Exercise instructions - Please return all records verbatim, no pictures.

(Caption-style text data)
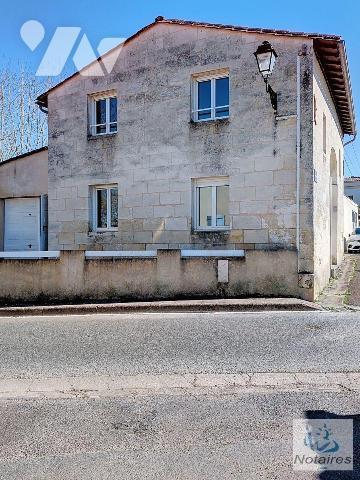 A deux pas des commodités et de la pace centrale agréable maison de ville en pierre offrant un ...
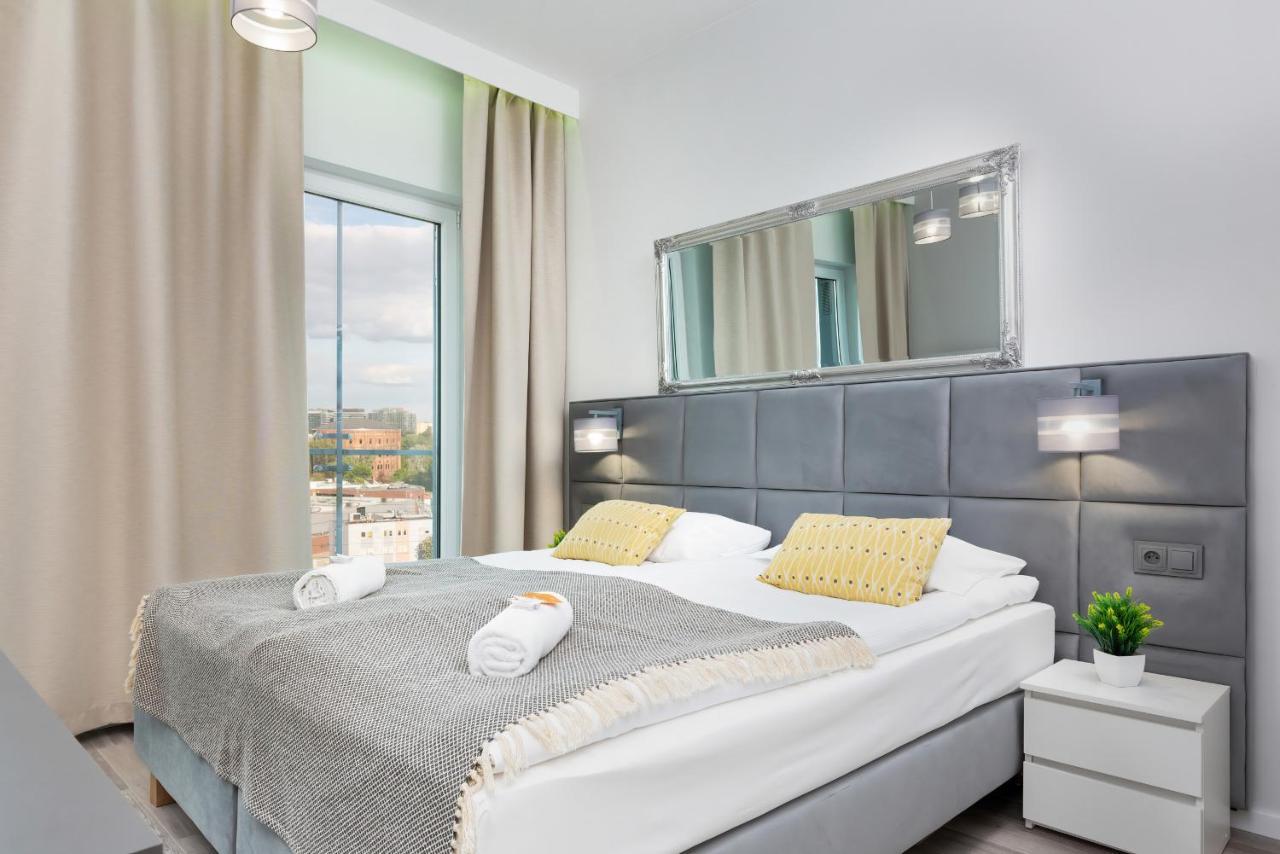 Apartments With Parking Warsaw Business Center By Noclegi Renters Exteriör bild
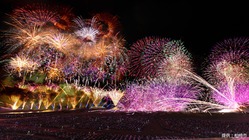 「ぎおん柏崎まつり海の大花火大会」でスターマインを打ち上げたい のトップ画像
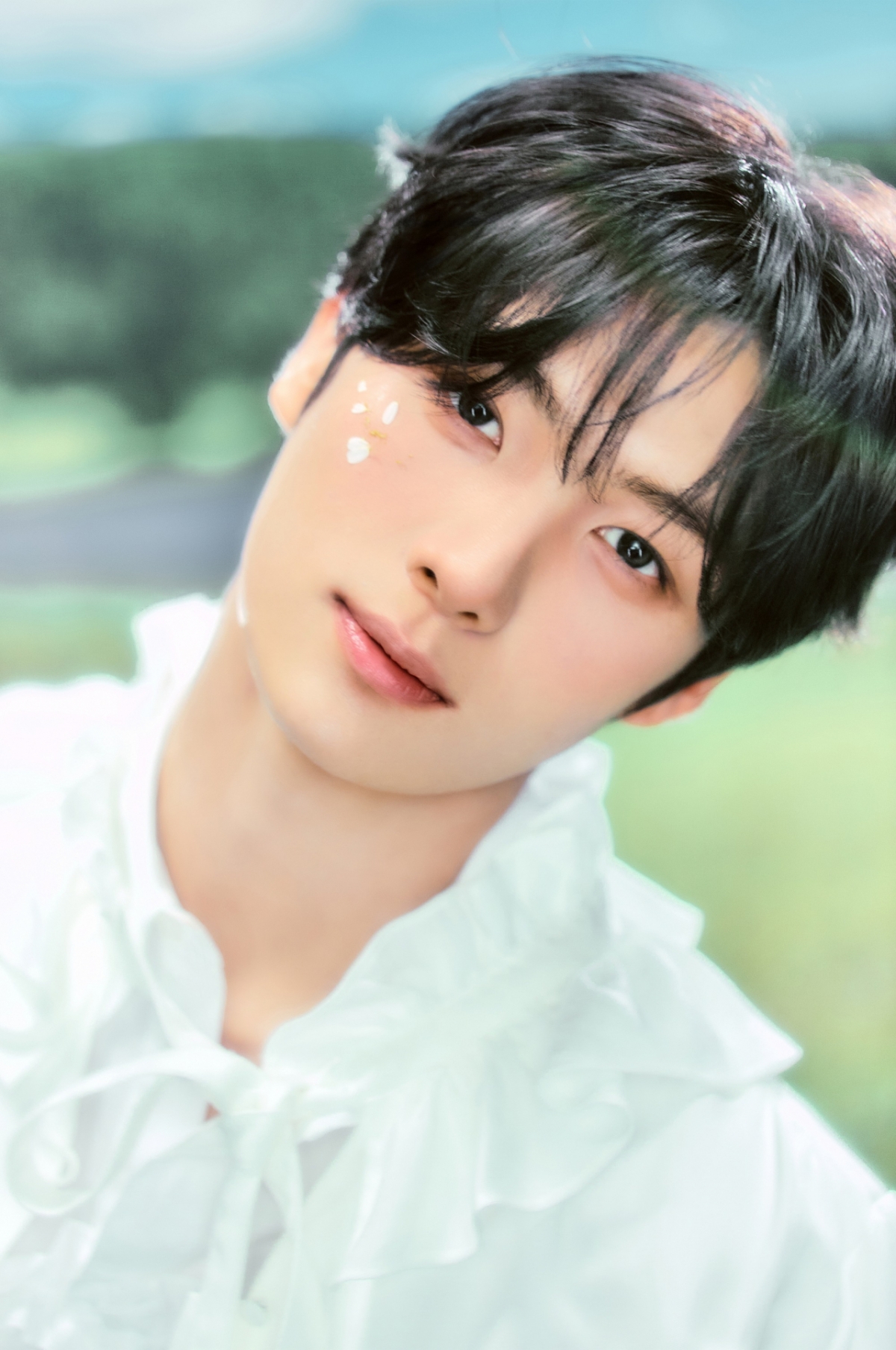 /Photo = Pledis Entertainment (HYBE)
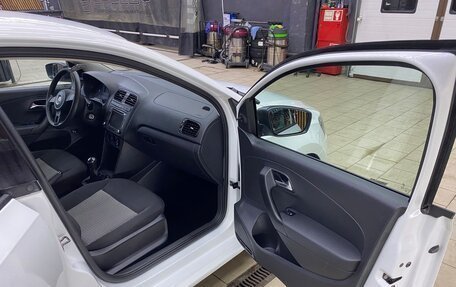 Volkswagen Polo VI (EU Market), 2013 год, 900 000 рублей, 14 фотография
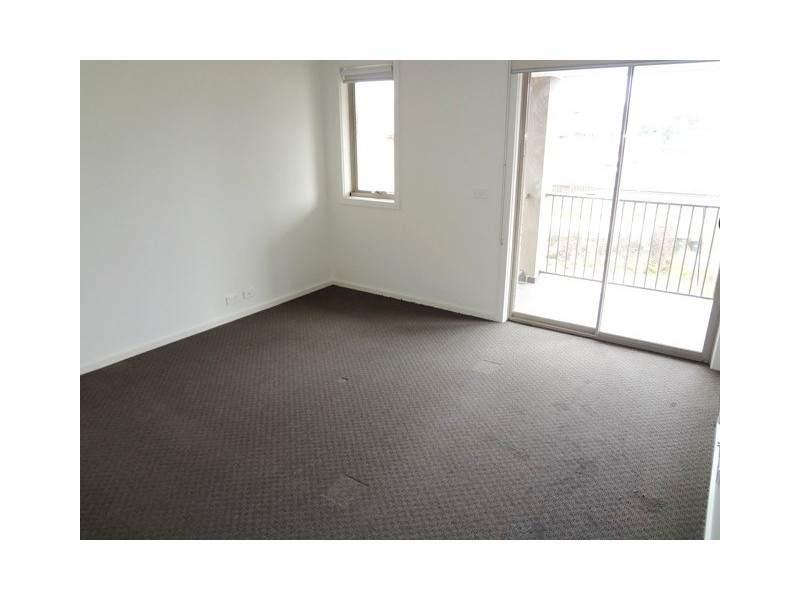 4 Amphion Street, Epping VIC 3076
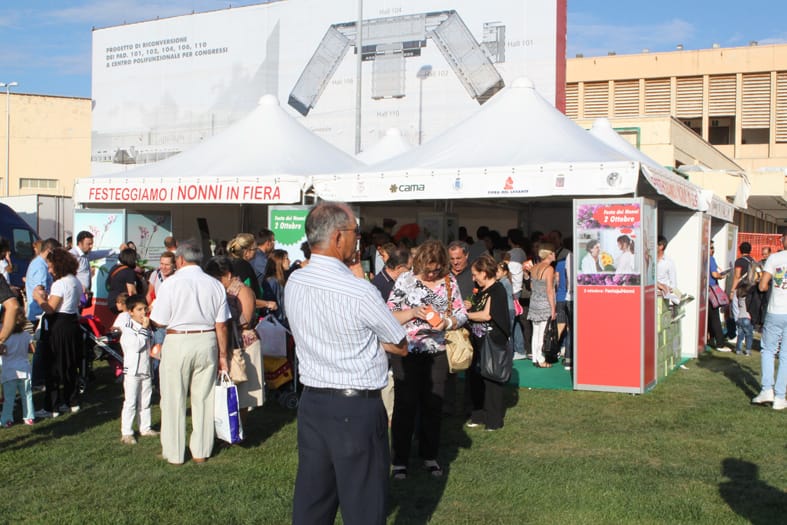 Pagano lancia la Festa dei Nonni dalla Fiera del Levante 2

Completed task -
 A deux pas des commodités et de la pace centrale agréable maison de ville en pierre offrant un ...
 Apartments With Parking Warsaw Business Center By Noclegi Renters Exteriör bild
 「ぎおん柏崎まつり海の大花火大会」でスターマインを打ち上げたい のトップ画像
 /Photo = Pledis Entertainment (HYBE)
 Volkswagen Polo VI (EU Market), 2013 год, 900 000 рублей, 14 фотография
 4 Amphion Street, Epping VIC 3076
 Pagano lancia la Festa dei Nonni dalla Fiera del Levante 2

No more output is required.